Because Damortis is quite close to Baguio City, the Summer Capital of the Philippines, I seized the opportunity to get there by bus.

On the way back it was dark and it was foggy but we made it back to Damortis without a hitch.

When I got off the bus I noticed an interesting detail: the headlights were blown out or pundido.

Not only that: on the winding road that connects Baguio to the coastal plains I saw buses overtaking other cars and even buses in various curves. I’ve seen that happening many times.

Why am I bringing this up?

Well, I am bringing this up for various reasons.

One has to do with practical aspects: If you are married to a Filipina and visit the country, you might want to do what couples often do while on holiday, namely rent a car and go on some kind of road trip with your Filipino wife.

Theoretically the Philippines is a paradise for lovers of road trips and roads are improving, more and more expressways are being built (for example nowadays it is possible to drive from Manila all the way to Pangasinan on a new stretch of expressway that, the last time I visited the Philippines, only linked Manila to Dau) and most national roads such as the Mc Arthur Highway or the Maharlikang Daan are quite well paved.

The real challenge involves safety and the picture above I shot in Damortis, La Union is very telling: if you drive in the Philippines you might share the road with cars or buses with blown out headlights, cars with worn out brakes or overly vulcanized tyres.

In addition, you might bump into a bus that is overtaking a car or a bus in a curve and have to be clever enough to avoid a collision.

I come from Southern Italy and Southern Italy is widely known for its unruly drivers, yet, although I have learned how to drive here and I am used to drivers who turn without signaling, drivers who double park, drivers who cut you off or tailgate I got scared of driving in the Philippines.
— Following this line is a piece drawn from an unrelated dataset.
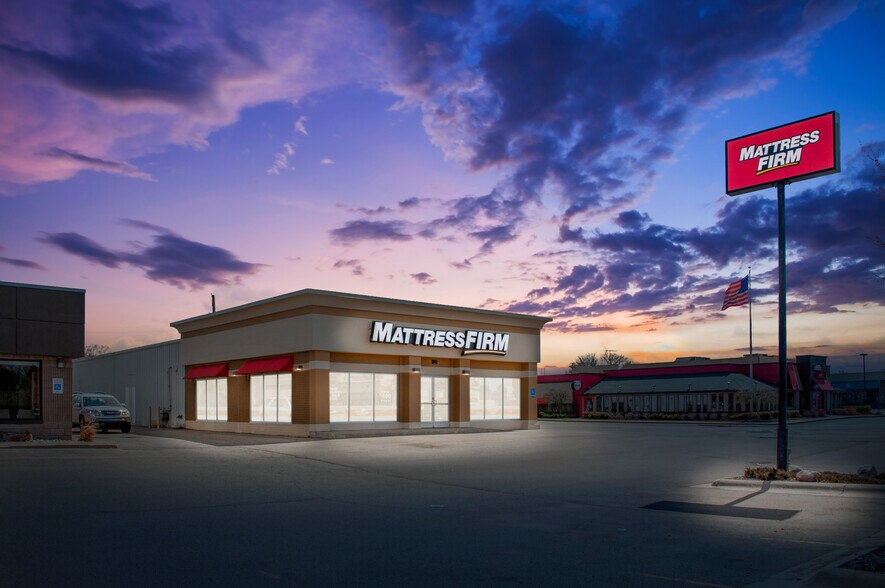Primary Photo Of 6125 S Westnedge Ave, Portage Freestanding For Sale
I tried it twice and then I gave up.

Talking more in general I believe that the bus with blown out headlights is one of those symbols or metaphors that well describe the character of Filipinos

The Philippines is one of those nations where life is cheap. Filipinos cut back on safety measures as much as they cut back on taking care of their health.

It is true that health care in the Philippines is largely private but prevention is cheap. Driving slower, respecting the signs or waiting that the road gets straight before overtaking does not cost money. Abstaining from excessive alcohol consumption doesn’t cost money. Eating less white rice and more vegetables is not that expensive, especially for Filipinos who live abroad and earn enough money to buy a nice car or the latest i-phone.

Yes, way too many Filipinos neglect health and safety and take unnecessary risks and being married to a Filipina may entail being in a relationship with a person who is, metaphorically speaking, like the bus with blown out headlights in the middle of the night.